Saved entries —
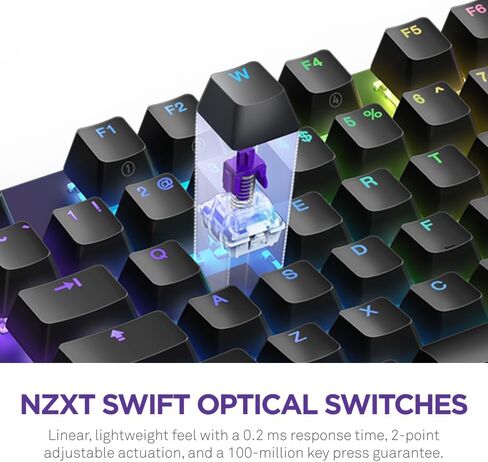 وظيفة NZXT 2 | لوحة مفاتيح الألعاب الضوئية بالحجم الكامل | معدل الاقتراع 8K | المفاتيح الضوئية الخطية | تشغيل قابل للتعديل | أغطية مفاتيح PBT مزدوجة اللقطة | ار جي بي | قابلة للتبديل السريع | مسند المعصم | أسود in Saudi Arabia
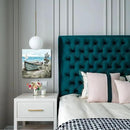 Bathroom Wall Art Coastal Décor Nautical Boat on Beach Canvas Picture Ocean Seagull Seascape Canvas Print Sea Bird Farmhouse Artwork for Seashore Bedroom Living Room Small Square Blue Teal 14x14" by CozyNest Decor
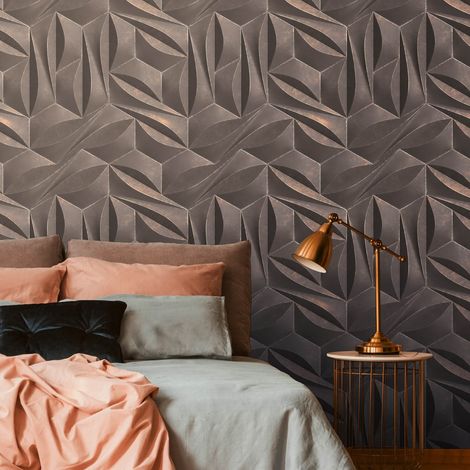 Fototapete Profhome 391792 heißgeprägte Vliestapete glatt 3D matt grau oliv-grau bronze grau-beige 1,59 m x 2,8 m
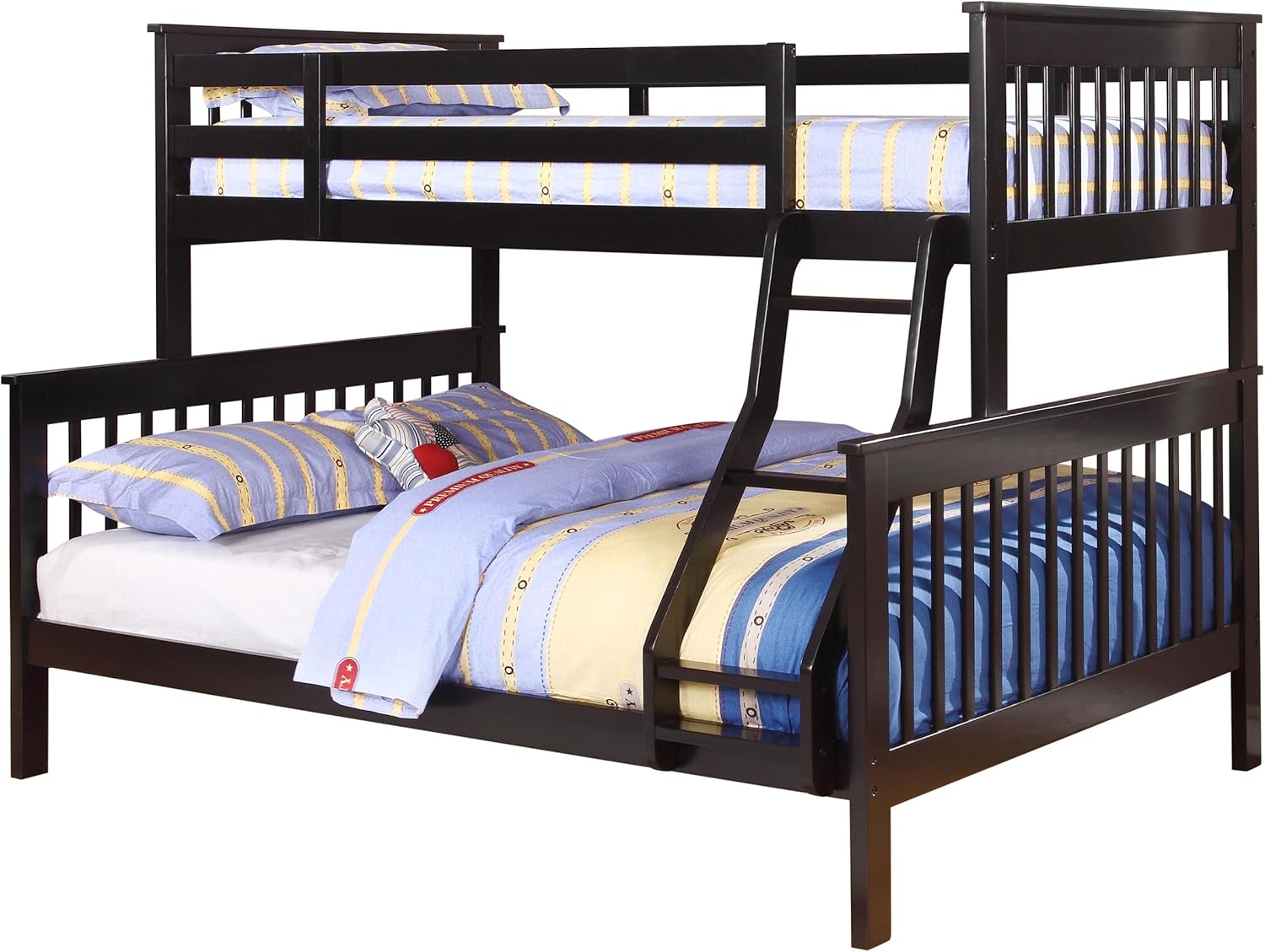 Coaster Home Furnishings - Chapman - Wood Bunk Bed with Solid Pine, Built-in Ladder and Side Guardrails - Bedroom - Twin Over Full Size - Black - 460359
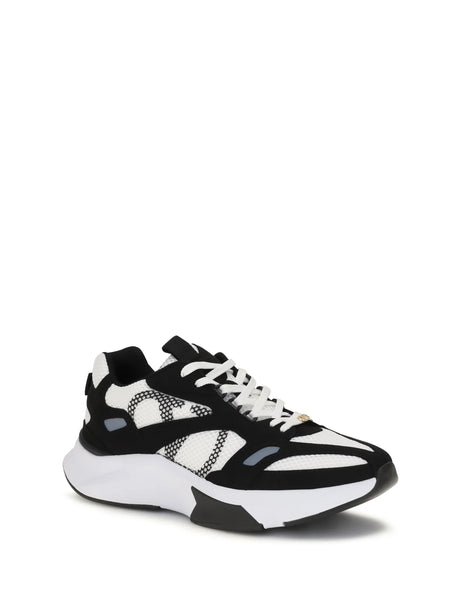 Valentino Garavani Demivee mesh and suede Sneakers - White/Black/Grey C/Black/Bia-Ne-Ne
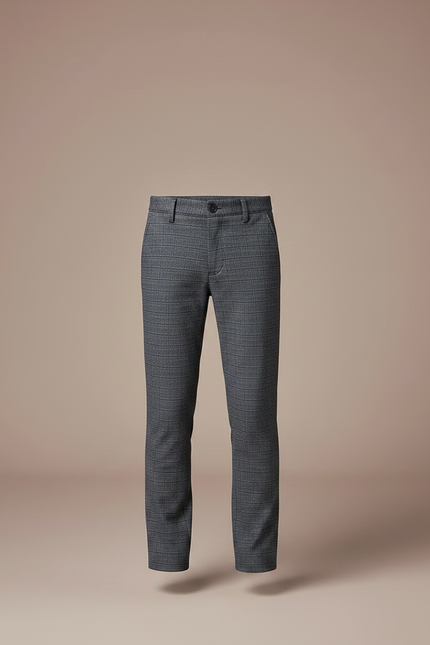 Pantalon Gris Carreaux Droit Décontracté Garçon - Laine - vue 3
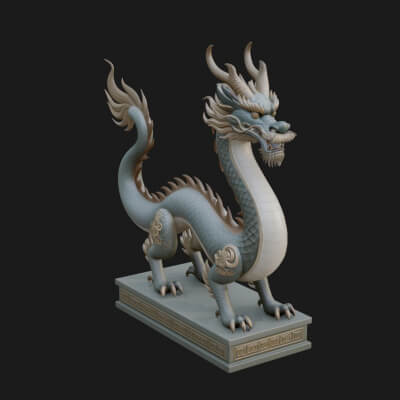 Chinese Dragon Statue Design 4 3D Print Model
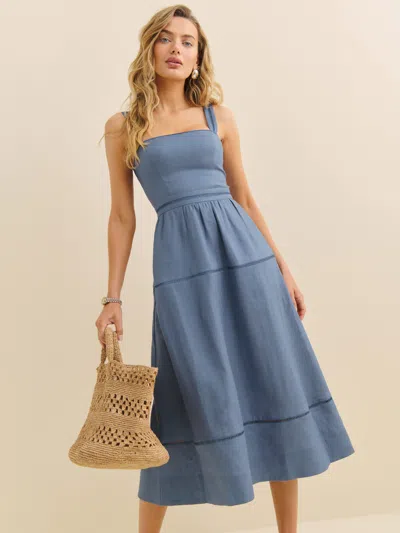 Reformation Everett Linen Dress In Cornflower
==
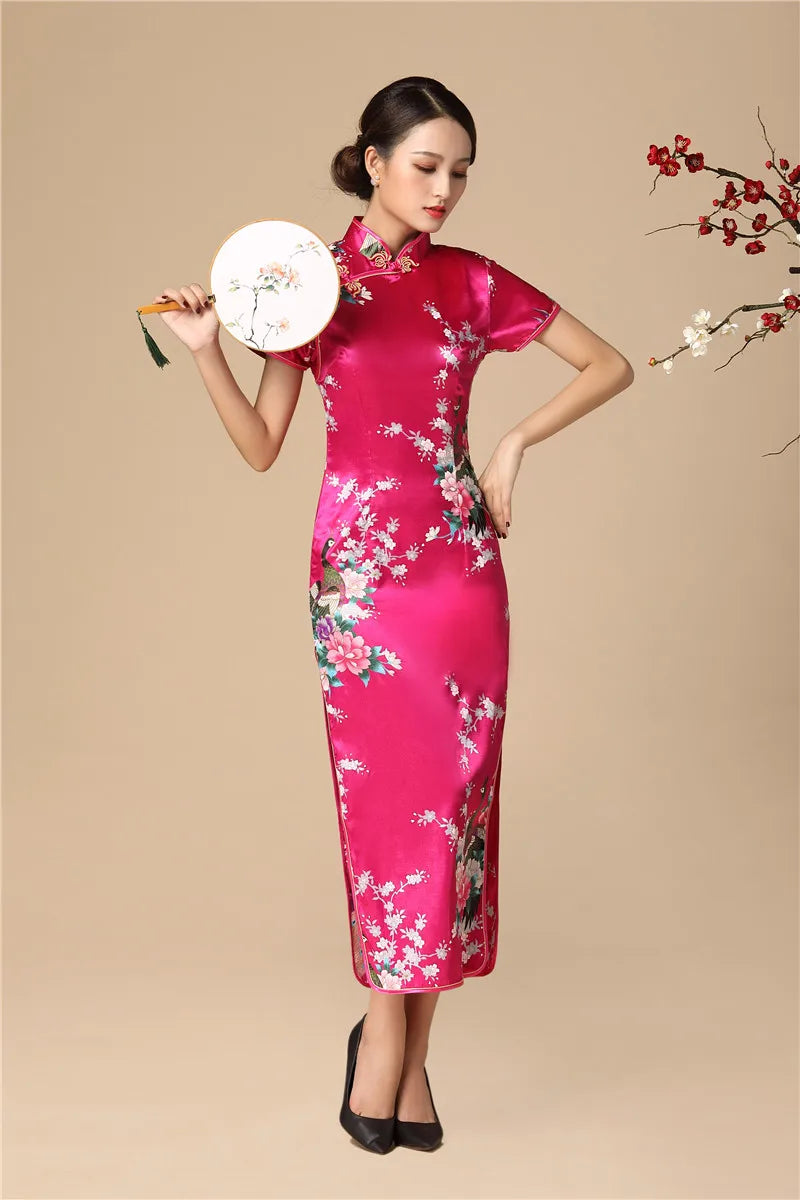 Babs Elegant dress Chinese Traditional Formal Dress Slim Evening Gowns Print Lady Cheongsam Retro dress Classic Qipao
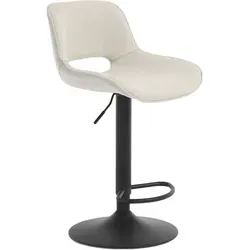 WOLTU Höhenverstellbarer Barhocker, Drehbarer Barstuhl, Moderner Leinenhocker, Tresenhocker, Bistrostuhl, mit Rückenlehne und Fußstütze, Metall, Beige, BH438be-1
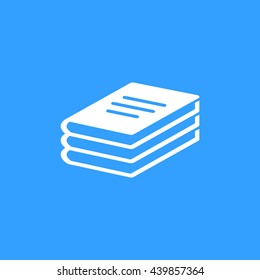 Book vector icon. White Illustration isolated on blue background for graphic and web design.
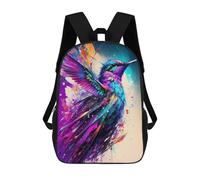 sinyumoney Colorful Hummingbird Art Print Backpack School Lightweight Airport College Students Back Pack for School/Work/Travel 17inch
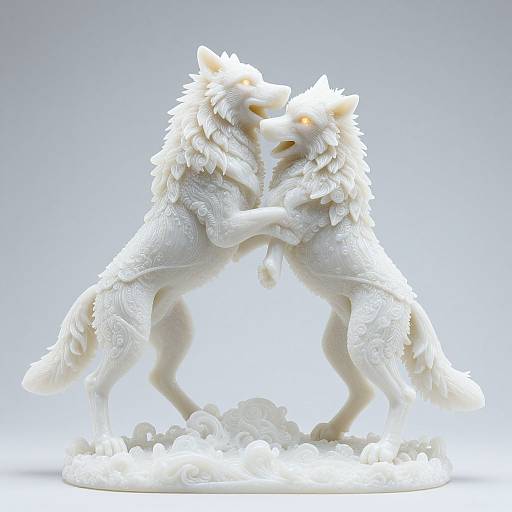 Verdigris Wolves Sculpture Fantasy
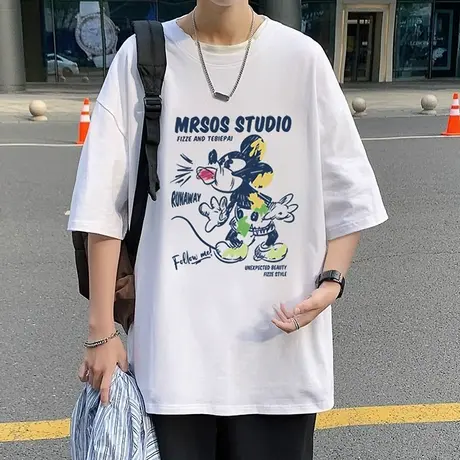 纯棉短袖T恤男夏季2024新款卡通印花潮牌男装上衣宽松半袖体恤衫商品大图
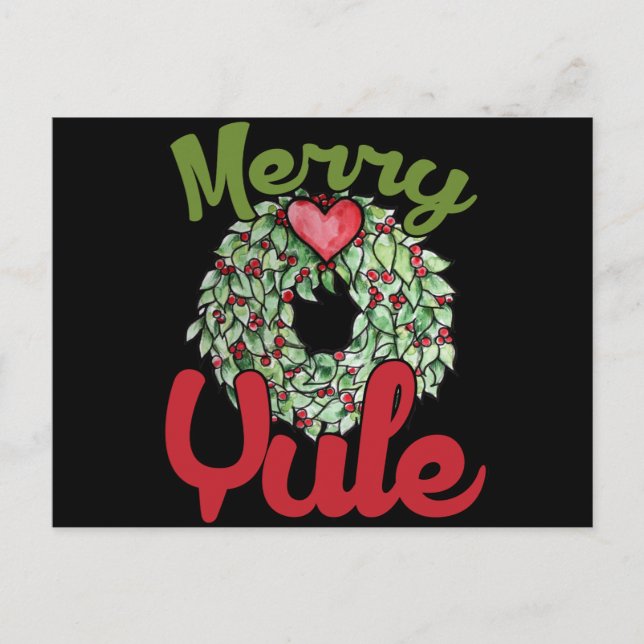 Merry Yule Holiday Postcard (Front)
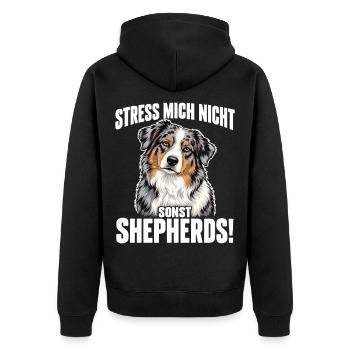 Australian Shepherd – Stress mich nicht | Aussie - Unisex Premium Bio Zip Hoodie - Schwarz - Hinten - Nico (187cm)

What is being asked — Leaving every picture aside, reproduce exactly the lines above from the one with "Valentino Garavani Demivee" up to and including the one with "Reformation Everett Linen", and no others.

Result for this task —
 Valentino Garavani Demivee mesh and suede Sneakers - White/Black/Grey C/Black/Bia-Ne-Ne
 Pantalon Gris Carreaux Droit Décontracté Garçon - Laine - vue 3
 Chinese Dragon Statue Design 4 3D Print Model
 Reformation Everett Linen Dress In Cornflower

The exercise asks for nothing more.